The Secret Codes in Matthew: Examining Israel’s Messiah, Part 14: Matthew 17:24-18:16, by Kevin M. Williams
These witnesses accompany you to listen to what is said. They hear your side of the story and then they hear the other person’s side of the story. They listen to the debate and they witness the goings-on. They ask probing questions in an effort to determine the truth of the matter. By its very nature, this exercise intimates to the alleged sinner that if they do not repent, there will be a third step. Potentially, out of fear of being exposed to the greater congregation they will come to true repentance.
If however, repentance does not occur, these witnesses then stand up before the congregation and explain what they witnessed. The congregation—and in many cases those appointed by the congregation, an elder or elders, or a pastor—using their collective wisdom decide the matter. Not you and not the witnesses.
“And if he refuses to listen to them, tell it to the church; and if he refuses to listen even to the church, let him be to you as a Gentile and a tax-gatherer” (Matthew 18:17).

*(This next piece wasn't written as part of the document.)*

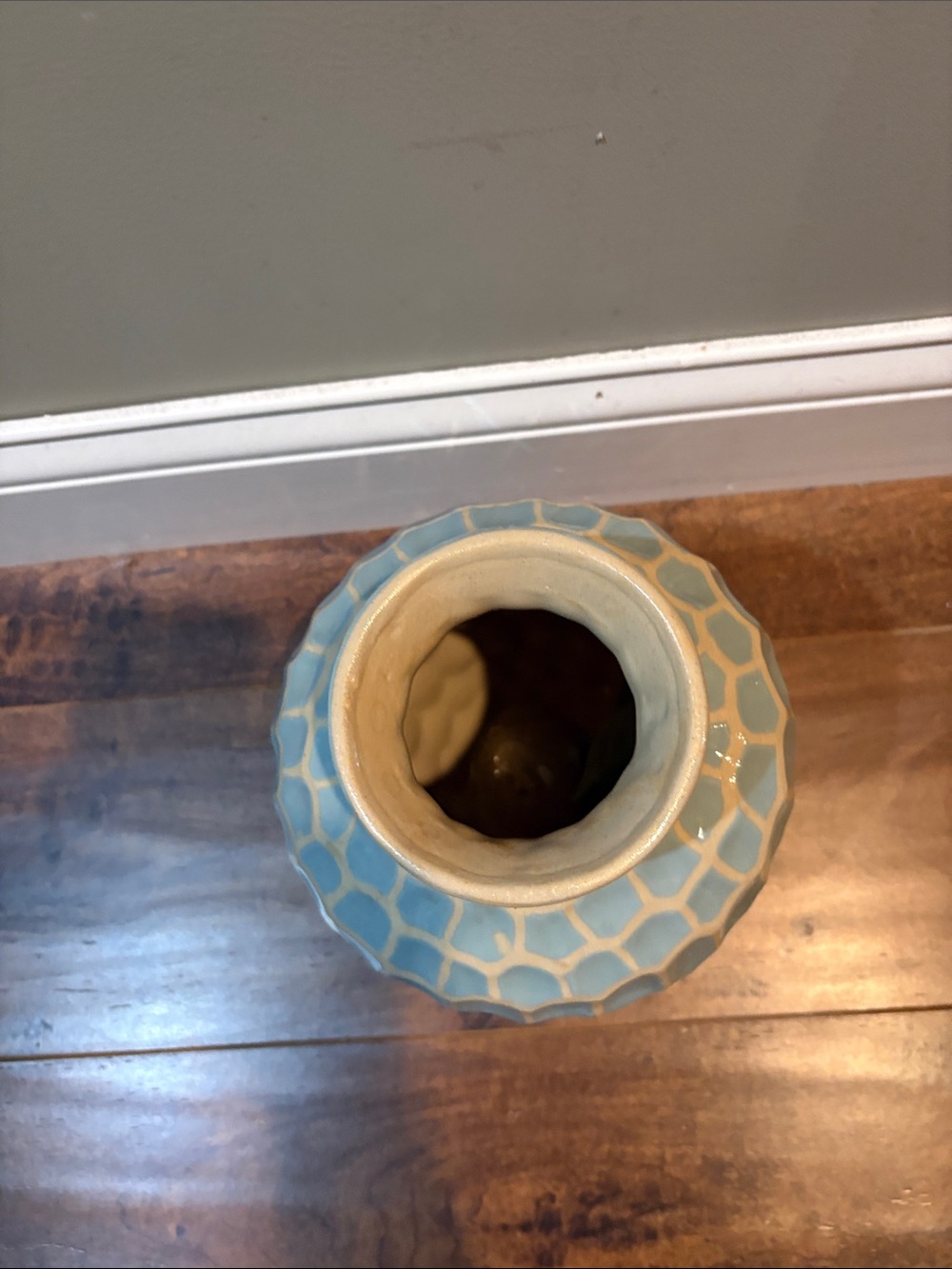 Pottery Vase Art aqua blue - Picture 5 of 5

For some congregations, this means the unrepentant sinner is to be “cut off.” Ironically, many of these same churches would say that though the Torah is no longer applicable, they would apply the Torah notion of “cutting off” sinners from their midst. Yeshua says no such thing. In fact, His admonition is full of grace. Who needed repentance and biblical instruction? It was the Gentiles and the tax-gatherers that did! Would they have a chance to hear and learn the errors of their ways if they were “cut off?”
Obviously their sin cannot be tolerated, and whatever steps need to be taken to protect others in the congregation need to be taken—diligently. Some congregations refuse to serve those under congregational discipline communion, and most remove them from any public service within the body and require them to undergo counseling. But Yeshua does not call for them to be cut off.
Does it ever reach that point? It can. There are instances where the unrepentant become completely disruptive and the house of worship becomes defiled. But kicking the person out is the last step, handing them over to “Satan for the destruction of his flesh that his spirit may be saved in the day of the Lord Jesus” (1 Corinthians 5:5). With the Torah as His sure foundation, what Yeshua is teaching is biblical jurisprudence.
“Truly I say to you, whatever you shall bind on earth shall be bound in heaven; and whatever you loose on earth shall be loosed in heaven” (Matthew 18:18).
Lift this verse out of context, and it can become a dangerous gavel to pound into law all variety of unsound doctrine. Following on the steps of the jurisprudence above, it is a gavel, but one that establishes rule of conduct. In other words, if a person in the congregation is found guilty of sin and is clearly unrepentant, and the decision is reached to begin congregational discipline, then that ruling is established in heaven as well. And if after time, the sinner repents and it is decided to admit him or her back into the congregation, then that sentence is “loosed in heaven.”